The matter of his temptations was very like the temptations of Eve. She fell by
the "lust of the flesh, the lust of the eye, and the pride of life": which are
the heads of all sins, 1 John 2:16.
By "the lust of the eyes": for "she saw the fruit, that it was pleasant
to the sight."
By "the lust of the flesh": she lusted for it, because "it was desirable
to be eaten."
By "the pride of life"; not contented with the state of perfection wherein
she was created, she affected a higher; and she "took of the fruit, and did
eat," that she might become wiser by it.
The same tempter set upon our Saviour with the same stratagems.
I. As Eve was deceived by mistaking his person, supposing a good angel discoursed with
her when it was a bad, so the devil in like manner puts on the good angel here, clothed
with light and feigned glory.
II. He endeavours to ensnare Christ by "the lust of the flesh"; "Command
that these stones be made bread": by "the lust of the eye"; "All these
things will I give thee, and the glory of them": by "the pride of life";
"'Throw thyself down,' and fly in the air, and be held up by angels."
5. Then the devil taketh him up into the holy city, and setteth him on a pinnacle of
[Upon the pinnacle of the Temple.] Whether he placed him upon the Temple itself,
or upon some building within the holy circuit, it is in vain to seek, because it cannot be
found. If it were upon the Temple itself, I should reflect upon the top of the porch of
the Temple: if upon some other building, I should reflect upon the royal gallery.
The priests were wont sometimes to go up to the top of the Temple, stairs being made for
this purpose, and described in the Talmudic book entitled Middoth; and they are said to
have ascended hither, "When fire was first put to the Temple, and to have thrown up
the keys of the chambers of the Temple towards heaven, with these words; 'O thou eternal
Lord, because we are not worthy to keep these keys, to thee they are delivered.' And there
came, as it were, the form of a hand out of heaven, and took them from them: and they
leaped down, and fell into the fire."
Above all other parts of the Temple the porch of the Temple, yea, the whole space
before it, may not unfitly be called the wing of the Temple, because, like wings,
it extended itself in breadth on each side, far beyond the breadth of the Temple: which we
take notice of elsewhere.
If, therefore, the devil had placed Christ in the very precipice of this part of the
Temple, he may well be said to have placed him upon the wing of the Temple, both
because this part was like a wing to the Temple itself, and that that precipice was the
wing of this part.
But if you suppose him placed upon the royal gallery, look upon it thus painted
out by Josephus: "On the south part [of the court of the Gentiles] was the king's
gallery, that deserves to be mentioned among the most magnificent things under the
sun: for upon a huge depth of a valley, scarcely to be fathomed by the eye of him that
stands above, Herod erected a gallery of a vast height; from the top of which if any
looked down, he would grow dizzy, his eyes not being able to reach to so vast a depth."

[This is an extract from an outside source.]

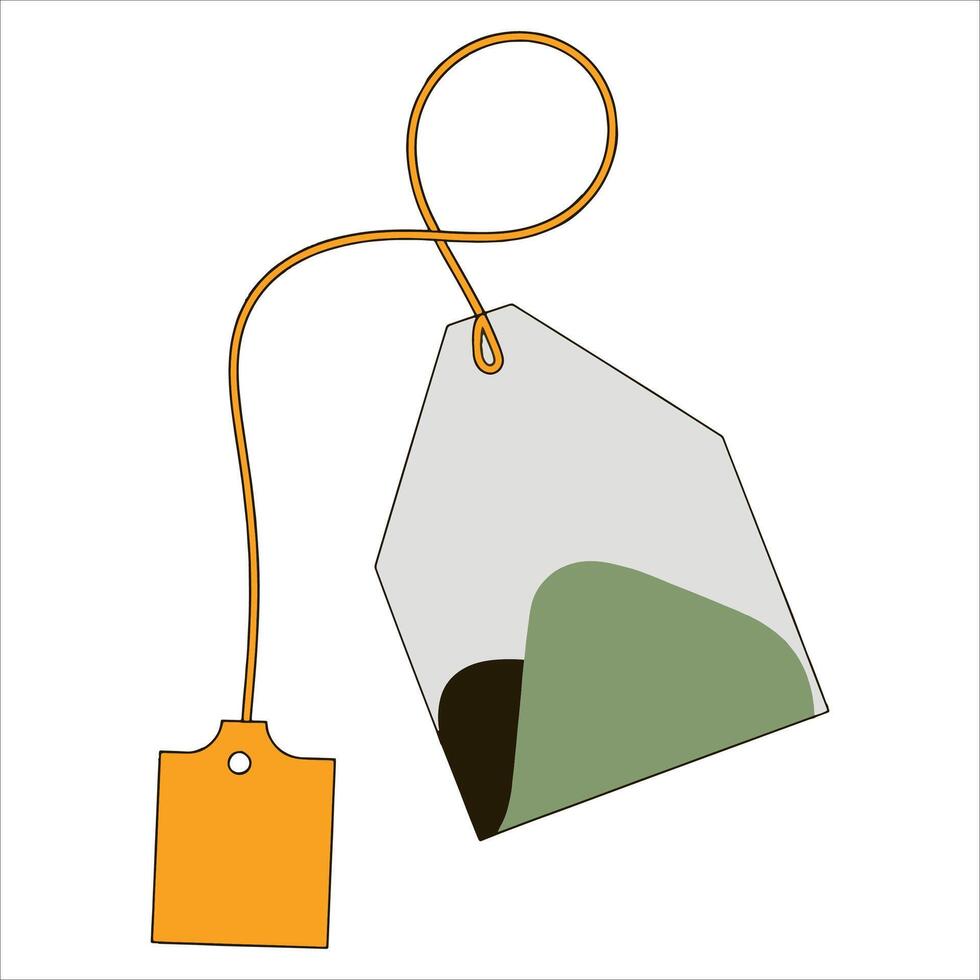 Labeled teabag isolated on white. Simple top down view ideal for drink icons, tea product designs and hot beverage concepts. vector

8. Again, the devil taketh him up into an exceeding high mountain, and showeth him
all the kingdoms of the world, and the glory of them;
[Showed him all the kingdoms of the world, &c.] That is, Rome with her
empire and state. For, 1. That empire is called all the world, (which word Luke
useth in this story), both in sacred and profane writers. 2. At this time all cities were
of little account in comparison of Rome, nor did any part of the earth bear any vogue
without that empire. 3. Rome was 'the seat of Satan,' Revelation 13:2; and he granted to
the beast of that city both it and the dominion. 4. This therefore seems to be that
whereby he attempts to ensnare our Saviour in this object, namely, that he promiseth to
give him the pomp and power of Caesar, and to deliver into his hand the highest empire of
the world, that is, the Roman. This, antichrist afterward obtained.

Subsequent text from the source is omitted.